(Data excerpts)
--- START ---
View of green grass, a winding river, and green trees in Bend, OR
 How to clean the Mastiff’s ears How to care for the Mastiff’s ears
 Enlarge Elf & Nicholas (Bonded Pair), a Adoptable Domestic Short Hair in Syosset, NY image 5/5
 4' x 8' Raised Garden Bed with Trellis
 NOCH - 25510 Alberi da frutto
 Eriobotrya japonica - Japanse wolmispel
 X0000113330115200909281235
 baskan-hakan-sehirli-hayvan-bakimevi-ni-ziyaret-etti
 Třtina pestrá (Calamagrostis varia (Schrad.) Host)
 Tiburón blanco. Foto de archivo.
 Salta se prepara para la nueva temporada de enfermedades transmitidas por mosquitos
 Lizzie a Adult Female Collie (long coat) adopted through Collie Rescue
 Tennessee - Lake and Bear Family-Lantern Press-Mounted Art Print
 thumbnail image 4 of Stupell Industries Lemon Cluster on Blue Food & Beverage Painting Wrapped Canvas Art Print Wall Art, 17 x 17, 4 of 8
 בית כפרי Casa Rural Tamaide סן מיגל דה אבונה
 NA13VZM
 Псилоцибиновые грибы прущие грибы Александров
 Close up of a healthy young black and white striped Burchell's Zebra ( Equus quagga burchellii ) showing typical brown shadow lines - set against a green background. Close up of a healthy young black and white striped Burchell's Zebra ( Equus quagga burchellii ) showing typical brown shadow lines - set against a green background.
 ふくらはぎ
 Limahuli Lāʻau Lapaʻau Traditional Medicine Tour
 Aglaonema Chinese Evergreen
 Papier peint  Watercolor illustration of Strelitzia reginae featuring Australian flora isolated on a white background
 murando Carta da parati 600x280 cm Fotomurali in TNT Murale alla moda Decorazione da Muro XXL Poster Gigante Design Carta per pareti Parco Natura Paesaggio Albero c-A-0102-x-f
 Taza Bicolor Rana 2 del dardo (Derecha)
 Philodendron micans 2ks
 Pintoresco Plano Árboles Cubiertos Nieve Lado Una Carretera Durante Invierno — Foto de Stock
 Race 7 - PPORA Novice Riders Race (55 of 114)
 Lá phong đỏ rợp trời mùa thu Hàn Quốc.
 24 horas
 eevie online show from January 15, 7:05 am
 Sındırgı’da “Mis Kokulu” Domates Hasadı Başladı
--- END ---
## Your goal
Whatever appears in the data above must be copied word for word.

## Response to the task
View of green grass, a winding river, and green trees in Bend, OR
 How to clean the Mastiff’s ears How to care for the Mastiff’s ears
 Enlarge Elf & Nicholas (Bonded Pair), a Adoptable Domestic Short Hair in Syosset, NY image 5/5
 4' x 8' Raised Garden Bed with Trellis
 NOCH - 25510 Alberi da frutto
 Eriobotrya japonica - Japanse wolmispel
 X0000113330115200909281235
 baskan-hakan-sehirli-hayvan-bakimevi-ni-ziyaret-etti
 Třtina pestrá (Calamagrostis varia (Schrad.) Host)
 Tiburón blanco. Foto de archivo.
 Salta se prepara para la nueva temporada de enfermedades transmitidas por mosquitos
 Lizzie a Adult Female Collie (long coat) adopted through Collie Rescue
 Tennessee - Lake and Bear Family-Lantern Press-Mounted Art Print
 thumbnail image 4 of Stupell Industries Lemon Cluster on Blue Food & Beverage Painting Wrapped Canvas Art Print Wall Art, 17 x 17, 4 of 8
 בית כפרי Casa Rural Tamaide סן מיגל דה אבונה
 NA13VZM
 Псилоцибиновые грибы прущие грибы Александров
 Close up of a healthy young black and white striped Burchell's Zebra ( Equus quagga burchellii ) showing typical brown shadow lines - set against a green background. Close up of a healthy young black and white striped Burchell's Zebra ( Equus quagga burchellii ) showing typical brown shadow lines - set against a green background.
 ふくらはぎ
 Limahuli Lāʻau Lapaʻau Traditional Medicine Tour
 Aglaonema Chinese Evergreen
 Papier peint  Watercolor illustration of Strelitzia reginae featuring Australian flora isolated on a white background
 murando Carta da parati 600x280 cm Fotomurali in TNT Murale alla moda Decorazione da Muro XXL Poster Gigante Design Carta per pareti Parco Natura Paesaggio Albero c-A-0102-x-f
 Taza Bicolor Rana 2 del dardo (Derecha)
 Philodendron micans 2ks
 Pintoresco Plano Árboles Cubiertos Nieve Lado Una Carretera Durante Invierno — Foto de Stock
 Race 7 - PPORA Novice Riders Race (55 of 114)
 Lá phong đỏ rợp trời mùa thu Hàn Quốc.
 24 horas
 eevie online show from January 15, 7:05 am
 Sındırgı’da “Mis Kokulu” Domates Hasadı Başladı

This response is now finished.